Few Spanish socialists expected to win and the incoming government’s programme was decidedly light and ill thought-through as a result – beyond of course withdrawing Spanish troops from Iraq in grandstanding manner and declaring a cultural war on the Catholic Church (popular with some but viscerally unpopular with millions of others).
Zapatero transitioned fairly comfortably into a ‘fiesta’ leader, rather than a reformer. The ‘noughties boom was coasted, business left alone etc. Yet if it was the case that Blair/Brown failed to ‘fix the roof while the sun shined’, the Zapatero team avoided grappling with Spain’s biggest economic challenges – it’s restrictive labour market practices (which make sacking permanent employees practically impossible and force millions therefore into unstable short-term contract employment as a consequence). To twist the cliché, ‘Spanish practices’ were and remain a huge block to Spain’s economic progress and make job instability and unemployment a reality for too many of its citizens. At the same time Zapatero did nothing to check the ballooning property bubble which collapsed in 2008.
Many Spaniards had hoped that the surprise Zapatero win in 2004, would mean serious progress towards a permanent ceasefire or even a peace deal with Basque separatists and the terror group ETA. Talks collapsed in 2006 and little tangible progress has been made since.
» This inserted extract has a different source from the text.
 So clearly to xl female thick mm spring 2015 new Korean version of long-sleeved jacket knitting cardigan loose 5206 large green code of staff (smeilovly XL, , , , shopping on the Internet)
Despite transferring more powers to the Basque autonomous region, the Zapatero government has so far shown its lacks the agility and determination shown by John Major or Tony Blair in their efforts to make headway in the Northern Irish peace process. Hope has been raised again following ETA’s offer, made via the BBC recently, of a temporary ceasefire. You may recall the video clip – with the three ETA ‘generals’ wearing white balaclavas with enormous berets on top of their heads (in a sort of “Ku Klux Clan meets ‘Allo ‘Allo” style).
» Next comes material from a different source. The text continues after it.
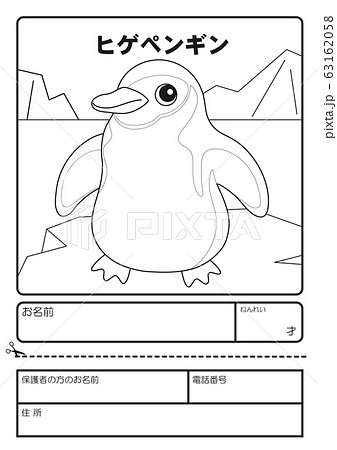 ヒゲペンギン ぬりえ 応募用紙 ヒゲペンギン ぬりえ 応募用紙 63162058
During the global economic crisis, Zapatero has ‘not had a good war’ . Initially in denial about the extent of Spain’s plight, he has belatedly produced an austerity plan, mainly in response to panic in the Eurozone earlier this year and turmoil in Greece. It is this austerity plan which brought ‘los hermanos’ (the brothers) out onto the streets in last week’s general strike as a warning shot to Zapatero from his one time biggest supporters.
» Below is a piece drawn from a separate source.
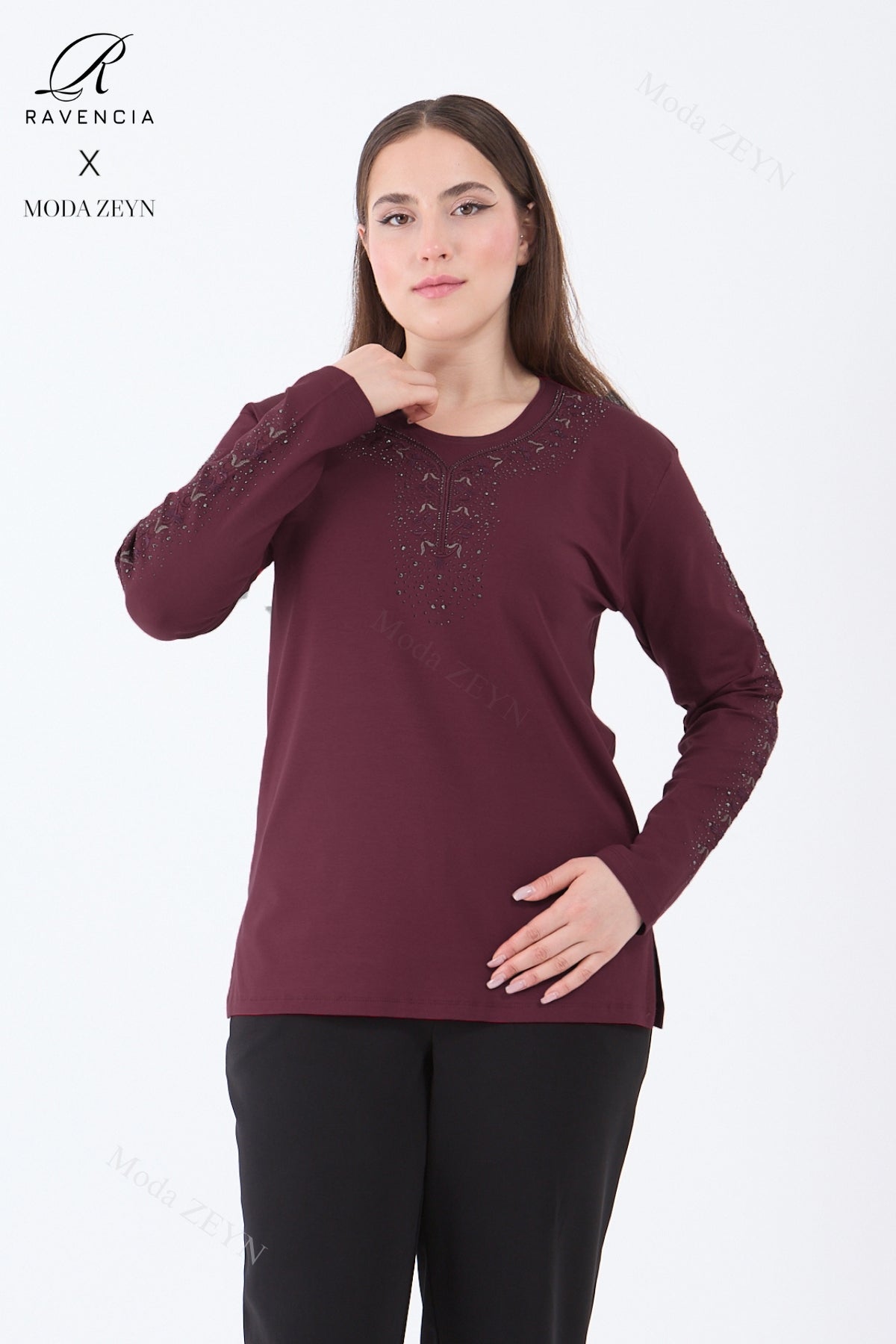 Kadın Orta Yaş Ve Üzeri Viskon Şerit Çiçek Desen Taşlı Işlemeli Likralı Koyu Kahverengi Anne Penye B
Zapatero will need more than a foxish agility to survive the next year. He will need courage, a quality so far undemonstrated in his six year reign. Events over the summer further stoked Spanish passions undermining the Spanish leader’s remaining political capital.
In August, Moroccan blockades of the Spanish enclave of Melilla, and alleged ‘harassment’ of Spanish policewomen at the Melilla-Moroccan frontier by Moroccan demonstrators, offended Spanish sensibilities and pride. The Government’s belated and ‘gentle’ response was perceived as weak by both Spaniards and Morcoccans alike. Partido Popular ratings leaped after ex-PM Aznar interrupted his family holiday in Marbella and hopped across to Melilla to proclaim the enclave eternally Spanish and slam Moroccan agitators, after which the Moroccan protests and blockades abated.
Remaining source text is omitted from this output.